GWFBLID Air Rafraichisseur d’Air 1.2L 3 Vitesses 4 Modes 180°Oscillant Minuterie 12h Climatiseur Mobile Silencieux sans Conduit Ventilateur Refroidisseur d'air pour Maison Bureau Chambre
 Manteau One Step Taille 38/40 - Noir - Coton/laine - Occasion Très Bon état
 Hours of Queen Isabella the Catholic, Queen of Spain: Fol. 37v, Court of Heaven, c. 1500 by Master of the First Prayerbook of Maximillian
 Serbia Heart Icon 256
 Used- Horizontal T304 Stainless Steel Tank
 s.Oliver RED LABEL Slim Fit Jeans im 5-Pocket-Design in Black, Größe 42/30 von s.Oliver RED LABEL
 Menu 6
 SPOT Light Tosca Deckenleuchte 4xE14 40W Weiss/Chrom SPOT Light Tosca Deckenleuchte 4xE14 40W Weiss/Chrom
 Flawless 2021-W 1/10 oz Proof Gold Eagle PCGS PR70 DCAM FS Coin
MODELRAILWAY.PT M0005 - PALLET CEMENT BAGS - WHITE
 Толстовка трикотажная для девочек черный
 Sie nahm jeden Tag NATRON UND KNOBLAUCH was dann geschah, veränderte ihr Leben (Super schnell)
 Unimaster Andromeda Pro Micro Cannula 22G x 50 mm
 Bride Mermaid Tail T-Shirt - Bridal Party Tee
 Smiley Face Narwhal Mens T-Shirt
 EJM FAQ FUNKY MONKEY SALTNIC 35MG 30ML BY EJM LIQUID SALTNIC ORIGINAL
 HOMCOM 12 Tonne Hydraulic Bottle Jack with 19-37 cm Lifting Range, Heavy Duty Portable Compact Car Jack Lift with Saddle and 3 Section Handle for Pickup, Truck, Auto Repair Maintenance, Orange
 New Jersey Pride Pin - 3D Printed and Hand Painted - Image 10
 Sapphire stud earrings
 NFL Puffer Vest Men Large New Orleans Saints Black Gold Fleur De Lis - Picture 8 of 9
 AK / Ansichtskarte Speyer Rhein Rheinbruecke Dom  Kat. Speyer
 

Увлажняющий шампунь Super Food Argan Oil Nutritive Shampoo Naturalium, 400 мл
□ □ □
__Work item__: Up to and including the line with "AK / Ansichtskarte", print every line of the records from the start.

__Finished task__:
GWFBLID Air Rafraichisseur d’Air 1.2L 3 Vitesses 4 Modes 180°Oscillant Minuterie 12h Climatiseur Mobile Silencieux sans Conduit Ventilateur Refroidisseur d'air pour Maison Bureau Chambre
 Manteau One Step Taille 38/40 - Noir - Coton/laine - Occasion Très Bon état
 Hours of Queen Isabella the Catholic, Queen of Spain: Fol. 37v, Court of Heaven, c. 1500 by Master of the First Prayerbook of Maximillian
 Serbia Heart Icon 256
 Used- Horizontal T304 Stainless Steel Tank
 s.Oliver RED LABEL Slim Fit Jeans im 5-Pocket-Design in Black, Größe 42/30 von s.Oliver RED LABEL
 Menu 6
 SPOT Light Tosca Deckenleuchte 4xE14 40W Weiss/Chrom SPOT Light Tosca Deckenleuchte 4xE14 40W Weiss/Chrom
 Flawless 2021-W 1/10 oz Proof Gold Eagle PCGS PR70 DCAM FS Coin
MODELRAILWAY.PT M0005 - PALLET CEMENT BAGS - WHITE
 Толстовка трикотажная для девочек черный
 Sie nahm jeden Tag NATRON UND KNOBLAUCH was dann geschah, veränderte ihr Leben (Super schnell)
 Unimaster Andromeda Pro Micro Cannula 22G x 50 mm
 Bride Mermaid Tail T-Shirt - Bridal Party Tee
 Smiley Face Narwhal Mens T-Shirt
 EJM FAQ FUNKY MONKEY SALTNIC 35MG 30ML BY EJM LIQUID SALTNIC ORIGINAL
 HOMCOM 12 Tonne Hydraulic Bottle Jack with 19-37 cm Lifting Range, Heavy Duty Portable Compact Car Jack Lift with Saddle and 3 Section Handle for Pickup, Truck, Auto Repair Maintenance, Orange
 New Jersey Pride Pin - 3D Printed and Hand Painted - Image 10
 Sapphire stud earrings
 NFL Puffer Vest Men Large New Orleans Saints Black Gold Fleur De Lis - Picture 8 of 9
 AK / Ansichtskarte Speyer Rhein Rheinbruecke Dom  Kat. Speyer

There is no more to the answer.